Sberbank Downplays U.S. Sanctions Risk as Shares Plunge 17%

(Bloomberg) -- Sberbank PJSC, Russia’s biggest company, sought to reassure investors after its worst day in almost a decade, saying the U.S.’s harshest steps yet to punish the Kremlin will have a limited impact on its assets.

The sanctions, leveled against three dozen businesses, tycoons and officials late Friday, caused Russian stocks to drop the most since President Vladimir Putin’s invasion of the Crimean peninsula in 2014. Sberbank wasn’t targeted in this round of sanctions.

The lender “has been clobbered not because it is the most vulnerable to U.S. sanctions but because it’s what everyone is long in and has the most profits in,” said Julian Rimmer, a London-based emerging-markets trader at Investec Bank Plc.

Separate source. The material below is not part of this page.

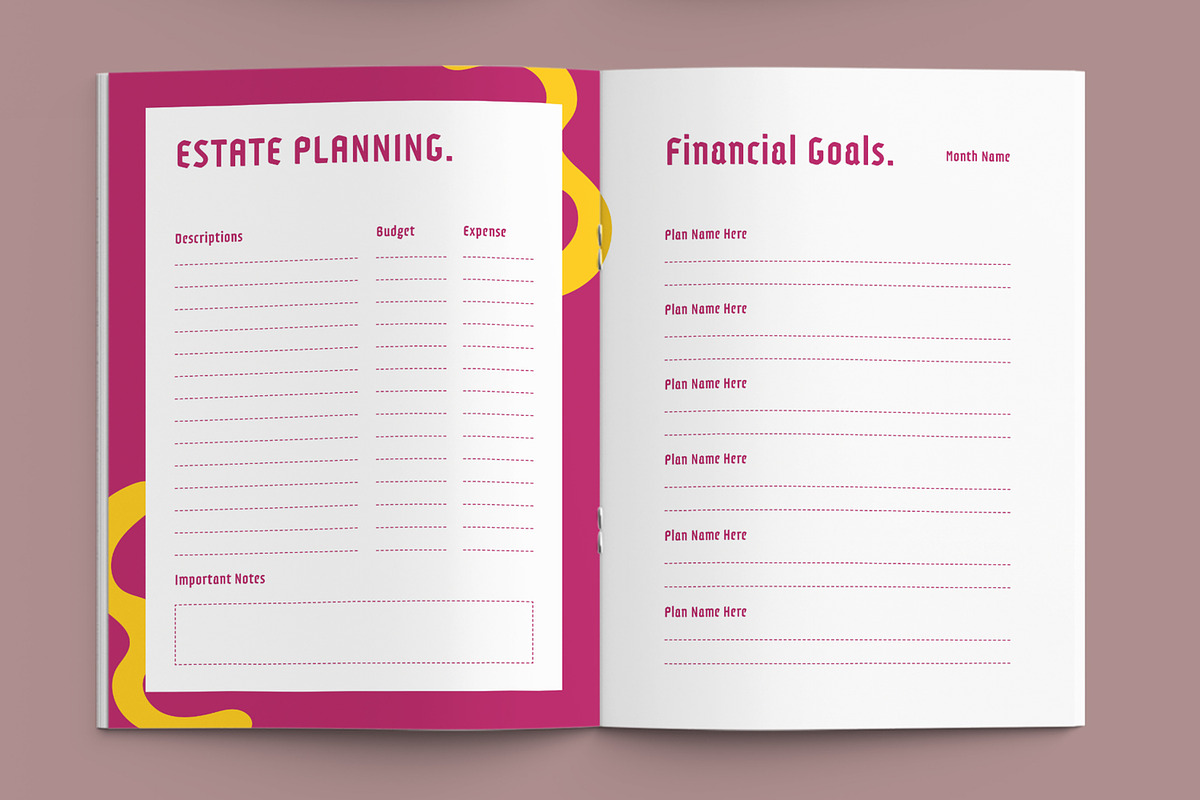 Smart Budgeting Financial Planner, a Stationery Template by ContestDesign (Photo 4 of 6)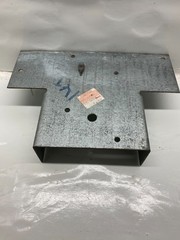 Heavy Duty Steel T Bracket TP44 Galvanized Mount Plate Slotted Support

Among those named by the sanctions were Oleg Deripaska and his aluminum giant, United Co. Rusal. International trading houses were advised to “immediately withhold all payments” to the company, according to a copy of a letter sent by its head of marketing. Sberbank is among Rusal’s largest creditors.

Assessing Reaction

“The total risk of Sberbank in relation to companies included on the U.S. Treasury’s sanctions list of April 6, 2018, is less than 2.5 percent of assets,” Sberbank’s Chief Financial Officer Alexander Morozov said via text message. Sberbank’s total assets had climbed to 23.4 trillion rubles ($390 billion) by the end of March, according to its report prepared to Russian accounting standards.

Sberbank closed down 17 percent in Moscow, its biggest drop since the 2008 financial crisis. Shares in the bank, an investor darling despite being cut off from international debt markets in 2014, are still trading 37 percent higher than a year ago. The MOEX Russia Index fell 8.3 percent, while the ruble fell below 60 per dollar for the first time since November.

The Kremlin said it needs time to assess the impact of the sanctions and its potential retaliation, Putin’s spokesman Dmitry Peskov told reporters on a conference call Monday.

“Sberbank got hammered, unjustly in my view, as it is a proxy for Russia,” Luis Saenz, co-head of global equities at BCS Global Markets in London, said. “If this compliance selloff continues at today’s levels, it will be a buying opportunity.”